India's New Coal Geography: Reassembling infrastructure in Goa to Move Coal

How does India’s new coal geography harness and reconfigure existing infrastructural arrangements to suit the needs of coal? In the second part of this series on India’s new coal geography, we examine this question in the context of Goa.

Bildet kan inneholde: bulkbærer, kjøretøy, skip, tankskip, panamax.

Photo: Brototi Roy

Goa is India’s smallest state. It is also increasingly becoming a coal hub as the state’s most important port at Mormugao seeks new revenue from the coal trade. The infrastructural, environmental and human consequences have been dramatic.

By the early 2000s, Goa’s infrastructure was broadly configured around three main economic activities. The coastal strip was dominated by an expansive tourism infrastructure; the central plateaus were home to industrial and transport infrastructure, the latter predominantly running in a North-South direction. And the sparsely populated hinterland contained extractive activities that connect to, and were dependent on, other infrastructural elements. Extraction has since long played an important role in the state’s economy, and until recently, Goa was India’s largest exporter of iron ore, with exports peaking at 54 million tonnes in 2011.

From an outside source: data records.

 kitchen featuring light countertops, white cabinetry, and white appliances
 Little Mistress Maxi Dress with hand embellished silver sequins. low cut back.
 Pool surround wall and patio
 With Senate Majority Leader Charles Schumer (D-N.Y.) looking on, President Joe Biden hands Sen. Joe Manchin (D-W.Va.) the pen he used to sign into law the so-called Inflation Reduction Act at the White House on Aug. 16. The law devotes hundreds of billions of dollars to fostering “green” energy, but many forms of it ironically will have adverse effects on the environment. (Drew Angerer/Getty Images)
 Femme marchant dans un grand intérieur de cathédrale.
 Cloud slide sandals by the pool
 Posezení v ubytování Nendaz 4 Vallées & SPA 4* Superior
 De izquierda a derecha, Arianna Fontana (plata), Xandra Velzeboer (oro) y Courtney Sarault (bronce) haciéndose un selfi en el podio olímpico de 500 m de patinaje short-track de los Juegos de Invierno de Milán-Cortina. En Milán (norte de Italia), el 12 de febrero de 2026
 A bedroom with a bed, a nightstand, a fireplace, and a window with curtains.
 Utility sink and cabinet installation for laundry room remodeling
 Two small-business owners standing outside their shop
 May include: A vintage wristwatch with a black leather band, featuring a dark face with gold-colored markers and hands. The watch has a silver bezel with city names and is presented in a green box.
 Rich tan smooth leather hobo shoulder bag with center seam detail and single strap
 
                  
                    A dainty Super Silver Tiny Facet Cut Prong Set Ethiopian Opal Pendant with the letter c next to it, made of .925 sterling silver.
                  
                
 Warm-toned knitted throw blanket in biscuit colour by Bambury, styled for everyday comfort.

The mining, transport and port facilities of Goa’s extractive industries shaped the state’s infrastructural configuration in important ways. It claimed much land in its own right, but also incorporated riverine spaces since much of the ore was transported by barge from the mining areas via rivers to Mormugao port for export. When not transported by barge, the ore was brought via the road network by thousands of trucks. The evident environmental degradation associated with iron ore mining led to the emergence of a strong anti-mining movement that skilfully and successfully enlisted the language and institutions of law to fight its battles. Following the exposure of large-scale corruption in the mining industry in 2012, iron ore mining was initially banned and later capped at less than half the 2011 peak.

From Iron to Coal

The mining ban severely undermined the ability of Goa’s mining-related infrastructure to serve the needs of capital. With mining suspended, the associated infrastructure no longer underpinned the movement of raw materials, goods, and services. Mining sites were unproductive, barges and trucks sat idle, roads and rivers saw less traffic, and export activities and revenue at Mormugao port fell dramatically. The mining ban was thus a central component in a conjuncture where multiple factors coalesced to create enabling conditions for the emergence of a new coal geography in Goa: the loss of jobs and earnings; a dormant infrastructure; a large revenue crisis at Mormugao port; a new national Indian government with grand visions for new infrastructure projects; and private actors in search of coal. From this conjuncture emerged attempts to rework the state’s existing infrastructure to a new geography political economy centred on coal. The outcome that we sketch briefly below is a hybrid new coal geography, one that reconfigures relationships between public and private actors, old and new infrastructures, and coastal and inland coal activities.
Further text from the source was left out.